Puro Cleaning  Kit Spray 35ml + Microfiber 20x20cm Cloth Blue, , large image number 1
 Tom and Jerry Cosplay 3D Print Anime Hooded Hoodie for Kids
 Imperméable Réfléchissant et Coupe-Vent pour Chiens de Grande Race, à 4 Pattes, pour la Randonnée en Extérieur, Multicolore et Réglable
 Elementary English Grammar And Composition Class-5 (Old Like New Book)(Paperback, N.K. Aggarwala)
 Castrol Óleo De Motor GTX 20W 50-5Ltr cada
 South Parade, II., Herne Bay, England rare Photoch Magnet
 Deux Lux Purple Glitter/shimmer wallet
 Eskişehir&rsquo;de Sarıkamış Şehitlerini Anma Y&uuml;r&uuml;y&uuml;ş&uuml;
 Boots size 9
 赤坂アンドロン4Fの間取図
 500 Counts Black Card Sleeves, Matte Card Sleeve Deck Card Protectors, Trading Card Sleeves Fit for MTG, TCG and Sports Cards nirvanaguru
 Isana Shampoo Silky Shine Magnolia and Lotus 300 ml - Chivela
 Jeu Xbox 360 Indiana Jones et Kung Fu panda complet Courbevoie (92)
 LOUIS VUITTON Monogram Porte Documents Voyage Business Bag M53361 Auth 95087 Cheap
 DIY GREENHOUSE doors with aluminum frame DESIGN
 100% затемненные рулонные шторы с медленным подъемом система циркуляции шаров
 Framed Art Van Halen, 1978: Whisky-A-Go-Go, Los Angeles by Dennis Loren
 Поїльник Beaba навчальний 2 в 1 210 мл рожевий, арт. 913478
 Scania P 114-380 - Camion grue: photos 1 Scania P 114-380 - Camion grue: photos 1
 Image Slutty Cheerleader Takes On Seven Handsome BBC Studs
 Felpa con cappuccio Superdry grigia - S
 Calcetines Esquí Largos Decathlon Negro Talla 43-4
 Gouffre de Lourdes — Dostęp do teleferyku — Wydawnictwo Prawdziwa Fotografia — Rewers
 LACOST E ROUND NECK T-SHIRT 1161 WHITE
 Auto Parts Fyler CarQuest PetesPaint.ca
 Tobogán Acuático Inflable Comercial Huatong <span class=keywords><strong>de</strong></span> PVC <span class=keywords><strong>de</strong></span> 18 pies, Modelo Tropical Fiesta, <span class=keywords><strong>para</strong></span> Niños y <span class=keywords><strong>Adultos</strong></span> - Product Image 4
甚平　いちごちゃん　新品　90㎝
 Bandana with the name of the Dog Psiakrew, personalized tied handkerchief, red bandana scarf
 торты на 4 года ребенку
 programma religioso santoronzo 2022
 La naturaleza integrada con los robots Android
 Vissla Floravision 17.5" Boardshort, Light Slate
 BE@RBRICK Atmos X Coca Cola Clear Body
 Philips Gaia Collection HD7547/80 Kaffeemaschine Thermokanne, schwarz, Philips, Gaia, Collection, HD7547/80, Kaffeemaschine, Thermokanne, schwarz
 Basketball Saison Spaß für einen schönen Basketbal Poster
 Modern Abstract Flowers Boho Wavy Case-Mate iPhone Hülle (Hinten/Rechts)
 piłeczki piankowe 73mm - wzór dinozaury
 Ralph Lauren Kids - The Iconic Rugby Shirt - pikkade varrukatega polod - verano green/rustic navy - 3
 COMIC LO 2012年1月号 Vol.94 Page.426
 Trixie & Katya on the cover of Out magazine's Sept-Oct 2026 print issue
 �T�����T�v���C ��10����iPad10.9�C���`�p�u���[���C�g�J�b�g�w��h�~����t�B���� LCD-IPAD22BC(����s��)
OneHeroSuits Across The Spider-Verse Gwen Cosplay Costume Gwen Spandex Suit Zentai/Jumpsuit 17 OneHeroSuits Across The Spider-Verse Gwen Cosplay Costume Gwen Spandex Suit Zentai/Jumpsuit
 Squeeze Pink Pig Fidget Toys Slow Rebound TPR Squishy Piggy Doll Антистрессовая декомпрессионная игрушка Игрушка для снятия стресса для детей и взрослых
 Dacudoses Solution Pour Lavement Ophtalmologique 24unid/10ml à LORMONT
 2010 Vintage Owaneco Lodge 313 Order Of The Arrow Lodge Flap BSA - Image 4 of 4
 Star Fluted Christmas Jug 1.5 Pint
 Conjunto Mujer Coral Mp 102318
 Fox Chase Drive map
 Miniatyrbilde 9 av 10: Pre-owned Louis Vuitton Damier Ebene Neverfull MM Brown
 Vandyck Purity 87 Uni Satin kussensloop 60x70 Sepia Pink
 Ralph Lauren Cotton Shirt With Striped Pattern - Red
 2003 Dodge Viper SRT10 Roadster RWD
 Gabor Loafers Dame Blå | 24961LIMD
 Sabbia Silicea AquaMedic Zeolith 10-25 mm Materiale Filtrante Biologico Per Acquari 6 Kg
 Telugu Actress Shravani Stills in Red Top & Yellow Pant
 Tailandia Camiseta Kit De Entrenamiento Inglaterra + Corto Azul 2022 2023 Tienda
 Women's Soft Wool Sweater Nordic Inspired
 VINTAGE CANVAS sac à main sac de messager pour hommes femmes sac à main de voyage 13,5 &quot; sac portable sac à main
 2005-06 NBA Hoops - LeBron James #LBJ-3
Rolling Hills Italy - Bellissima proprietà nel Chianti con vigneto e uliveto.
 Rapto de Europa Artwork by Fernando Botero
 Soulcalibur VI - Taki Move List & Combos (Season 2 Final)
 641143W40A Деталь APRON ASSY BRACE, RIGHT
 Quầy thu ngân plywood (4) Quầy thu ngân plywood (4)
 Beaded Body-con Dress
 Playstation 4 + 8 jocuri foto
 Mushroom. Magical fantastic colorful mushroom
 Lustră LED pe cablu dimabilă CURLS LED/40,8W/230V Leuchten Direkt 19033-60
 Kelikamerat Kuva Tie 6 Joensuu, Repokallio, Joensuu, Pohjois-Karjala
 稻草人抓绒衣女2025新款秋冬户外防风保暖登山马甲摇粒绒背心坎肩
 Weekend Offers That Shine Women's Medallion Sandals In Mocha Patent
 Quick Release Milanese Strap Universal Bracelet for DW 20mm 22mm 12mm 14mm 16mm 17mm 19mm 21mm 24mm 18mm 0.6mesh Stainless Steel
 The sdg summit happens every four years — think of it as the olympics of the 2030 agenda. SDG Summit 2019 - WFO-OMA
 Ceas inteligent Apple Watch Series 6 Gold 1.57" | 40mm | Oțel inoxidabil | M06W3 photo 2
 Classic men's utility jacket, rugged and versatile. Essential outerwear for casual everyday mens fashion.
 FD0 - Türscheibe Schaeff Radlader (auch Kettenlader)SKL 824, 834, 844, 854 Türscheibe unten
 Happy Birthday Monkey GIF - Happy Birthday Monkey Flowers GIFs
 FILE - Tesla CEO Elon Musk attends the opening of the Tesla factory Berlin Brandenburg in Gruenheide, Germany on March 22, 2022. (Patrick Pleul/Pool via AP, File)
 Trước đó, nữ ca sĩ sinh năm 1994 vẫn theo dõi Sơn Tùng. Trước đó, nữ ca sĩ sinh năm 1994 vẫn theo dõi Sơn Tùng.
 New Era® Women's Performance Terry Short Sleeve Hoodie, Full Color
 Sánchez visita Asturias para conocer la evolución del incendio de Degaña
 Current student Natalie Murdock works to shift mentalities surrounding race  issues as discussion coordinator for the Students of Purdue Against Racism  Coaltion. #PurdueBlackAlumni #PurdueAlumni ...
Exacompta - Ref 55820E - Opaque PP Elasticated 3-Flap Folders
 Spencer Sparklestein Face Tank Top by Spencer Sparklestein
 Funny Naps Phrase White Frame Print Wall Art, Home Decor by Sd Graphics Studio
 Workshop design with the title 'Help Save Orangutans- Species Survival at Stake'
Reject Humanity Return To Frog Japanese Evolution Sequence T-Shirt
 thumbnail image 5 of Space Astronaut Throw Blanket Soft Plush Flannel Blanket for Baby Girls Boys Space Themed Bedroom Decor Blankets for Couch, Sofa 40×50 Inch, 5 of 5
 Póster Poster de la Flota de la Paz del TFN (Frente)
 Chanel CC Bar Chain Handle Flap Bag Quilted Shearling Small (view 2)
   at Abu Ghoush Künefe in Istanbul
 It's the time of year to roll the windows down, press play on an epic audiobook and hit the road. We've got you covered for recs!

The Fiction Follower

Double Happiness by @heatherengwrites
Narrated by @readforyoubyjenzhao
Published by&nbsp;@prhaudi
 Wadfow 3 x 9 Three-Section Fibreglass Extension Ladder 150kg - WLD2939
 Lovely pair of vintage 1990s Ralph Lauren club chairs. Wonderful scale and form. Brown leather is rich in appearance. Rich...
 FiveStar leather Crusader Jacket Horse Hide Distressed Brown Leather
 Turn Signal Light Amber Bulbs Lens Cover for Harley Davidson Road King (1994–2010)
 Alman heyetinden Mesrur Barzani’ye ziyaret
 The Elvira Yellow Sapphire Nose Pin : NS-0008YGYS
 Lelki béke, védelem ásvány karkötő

+ + +

— HOW TO COMPLETE THIS TASK —
In the data above, find the line with "500 Counts Black" and the line with "Ralph Lauren Kids". Retype both, plus every line between them, exactly.

— SOLUTION BELOW —
 500 Counts Black Card Sleeves, Matte Card Sleeve Deck Card Protectors, Trading Card Sleeves Fit for MTG, TCG and Sports Cards nirvanaguru
 Isana Shampoo Silky Shine Magnolia and Lotus 300 ml - Chivela
 Jeu Xbox 360 Indiana Jones et Kung Fu panda complet Courbevoie (92)
 LOUIS VUITTON Monogram Porte Documents Voyage Business Bag M53361 Auth 95087 Cheap
 DIY GREENHOUSE doors with aluminum frame DESIGN
 100% затемненные рулонные шторы с медленным подъемом система циркуляции шаров
 Framed Art Van Halen, 1978: Whisky-A-Go-Go, Los Angeles by Dennis Loren
 Поїльник Beaba навчальний 2 в 1 210 мл рожевий, арт. 913478
 Scania P 114-380 - Camion grue: photos 1 Scania P 114-380 - Camion grue: photos 1
 Image Slutty Cheerleader Takes On Seven Handsome BBC Studs
 Felpa con cappuccio Superdry grigia - S
 Calcetines Esquí Largos Decathlon Negro Talla 43-4
 Gouffre de Lourdes — Dostęp do teleferyku — Wydawnictwo Prawdziwa Fotografia — Rewers
 LACOST E ROUND NECK T-SHIRT 1161 WHITE
 Auto Parts Fyler CarQuest PetesPaint.ca
 Tobogán Acuático Inflable Comercial Huatong <span class=keywords><strong>de</strong></span> PVC <span class=keywords><strong>de</strong></span> 18 pies, Modelo Tropical Fiesta, <span class=keywords><strong>para</strong></span> Niños y <span class=keywords><strong>Adultos</strong></span> - Product Image 4
甚平　いちごちゃん　新品　90㎝
 Bandana with the name of the Dog Psiakrew, personalized tied handkerchief, red bandana scarf
 торты на 4 года ребенку
 programma religioso santoronzo 2022
 La naturaleza integrada con los robots Android
 Vissla Floravision 17.5" Boardshort, Light Slate
 BE@RBRICK Atmos X Coca Cola Clear Body
 Philips Gaia Collection HD7547/80 Kaffeemaschine Thermokanne, schwarz, Philips, Gaia, Collection, HD7547/80, Kaffeemaschine, Thermokanne, schwarz
 Basketball Saison Spaß für einen schönen Basketbal Poster
 Modern Abstract Flowers Boho Wavy Case-Mate iPhone Hülle (Hinten/Rechts)
 piłeczki piankowe 73mm - wzór dinozaury
 Ralph Lauren Kids - The Iconic Rugby Shirt - pikkade varrukatega polod - verano green/rustic navy - 3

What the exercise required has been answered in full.